Pan’s Labyrinth (2006; d. Guillermo del Toro)
I don't normally cry at the movies, but I was sobbing by the end of this movie. It's so wonderfully made and terrifyingly beautiful; the storytelling is excellent, and from the tears, you can guess that it had a great emotional impact on me. I came home and I could not stop talking about it with my family. But it's certainly not a movie for the fainthearted.
Tristram Shandy: A Cock and Bull Story (2006; d. Michael Winterbottom)
I declared this movie the best of the year immediately after I watched it, and while the other three in this post are strong contenders I don't know if any of them match this in sheer ludicrous, free-wheeling enjoyment. It's meant to be a film adaptation of a rambling 18th century English novel that has been dubbed "unfilmable" but it is also a film about the film of an adaptation of a rambling 18th century novel and it is actually a film about the film of a... Whatever it actually ends up being, it is very very funny and clever and knows just how to send up its pretentious roots. At one point, Steve Coogan, playing an actor named Steve Coogan, pompously announces, though he hasn't read the novel the film is based on, "This is a postmodern novel before there was any modernism to be post about."
And he's kind of right. You don't have to have read the novel either, and that's one of the running jokes of the film, that no one on set has actually read the 600+ pages of novel. While the set up is completely confusing, it makes complete sense on camera, and unfolds wonderfully on-screen as actors, directors, and actors playing directors, and actors playing themselves break the fourth wall to talk to the camera, while moving between scenes and sets and "real life", all with a funny, hyper-realistic script that flows naturally between all the different modes. This is a film for people who love film; there's plenty of inside jokes, I'm told there are even inside jokes inside inside jokes for those who are really obsessive about movies.
The cast is amazing. A veritable list of great British actors cross the screen doing good work no matter how big or small their part. In particular, Steve Coogan is great - he's such an vain, insecure man as 'the actor', but he also shows a softer side playing a new father, and it makes him endearingly human and thus likeable - plus he also has to play Tristram the narrator and Walter Shandy his father. But apart from the clever ideas, the great acting and the tamed chaos, there's also a lovely sense of the visual joke. See the picture I've posted? That's one of my favourite scenes of the movie.

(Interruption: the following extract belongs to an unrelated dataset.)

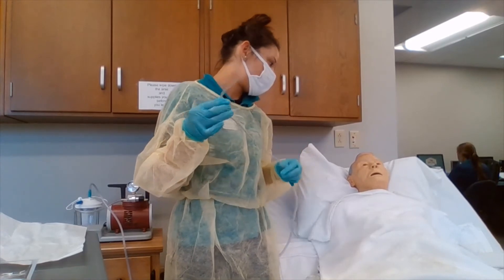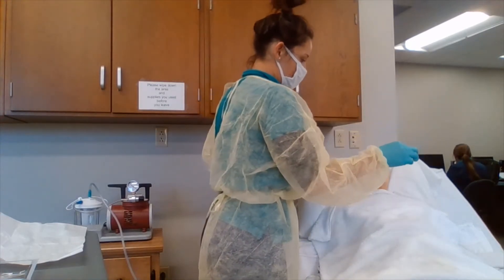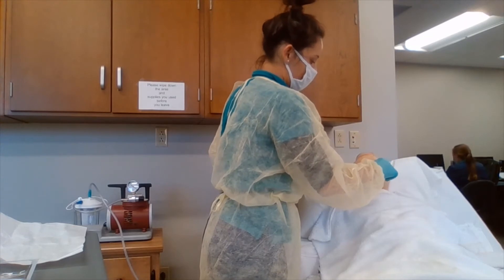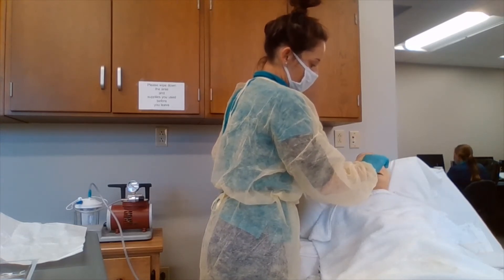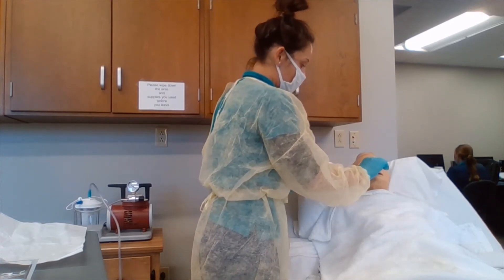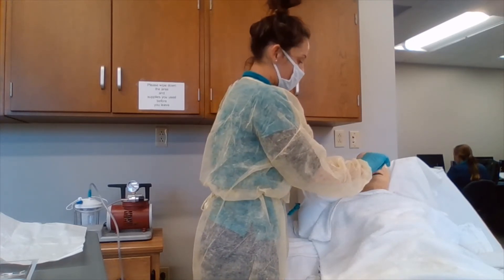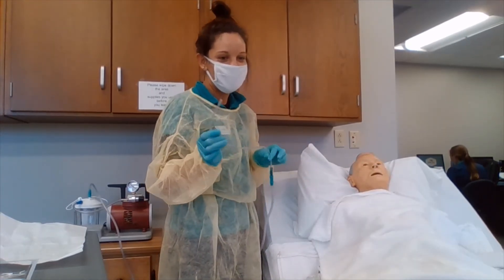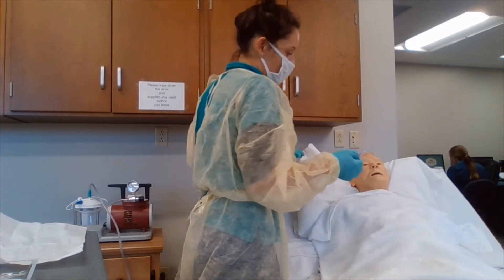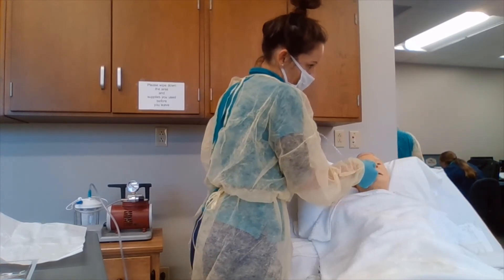For oropharyngeal suctioning, we are going to be inserting the tubing at the patient's side of the mouth and slipping it in until we reach the oropharyngeal area, making sure we are not forcing it. We go to the depth of the pre-measured measurement, which would be approximately three to four inches. For nasopharyngeal suctioning, we lubricate with a water-soluble lubricant and insert into the nares to the pre-determined measurement of five to six inches. If we meet resistance, we try the other nares.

As Steve Coogan is lowered head first, complete with his 18th century costume, into a big pink uterus model, he has an argument with the production assistant about how he is positioned.
"[Mark, the director] wants it to be as realistic as possible."

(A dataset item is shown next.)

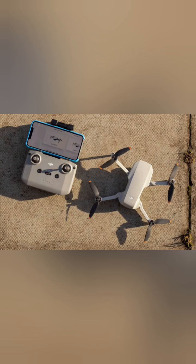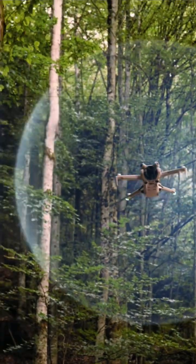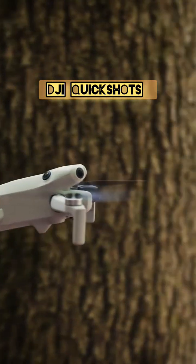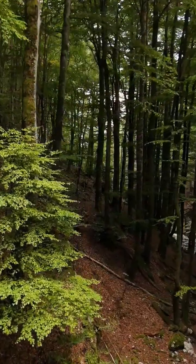This is a DJI Mini drone and it has a mod known as quickshot mod, just like all DJI Mini drones. We will be seeing the quick shots one by one in this short video, and you can click on the tagged video for the long version. Remember to subscribe for more drone videos.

"He wants realism. Yeah. I'm a grown man, talking to the camera, in a womb."
Original post-movie reaction and review.
Movies of the Decade: 2004-2005
Movies of the Decade: 2003
Movies of the Decade: 2002
Movies of the Decade: 2000-2001
3 comments:
YES YES YES to Tristam Shandy and everything you just said about it. I can't believe how little people seem to talk about this movie - it's a forgotten classic ALREADY and it only came out a few years ago!
@ Alison: IKR? More people need to watch this movie and realise how awesome it is. It got such a small release when it first came out, I think, it never made an impact. Did I see this with you?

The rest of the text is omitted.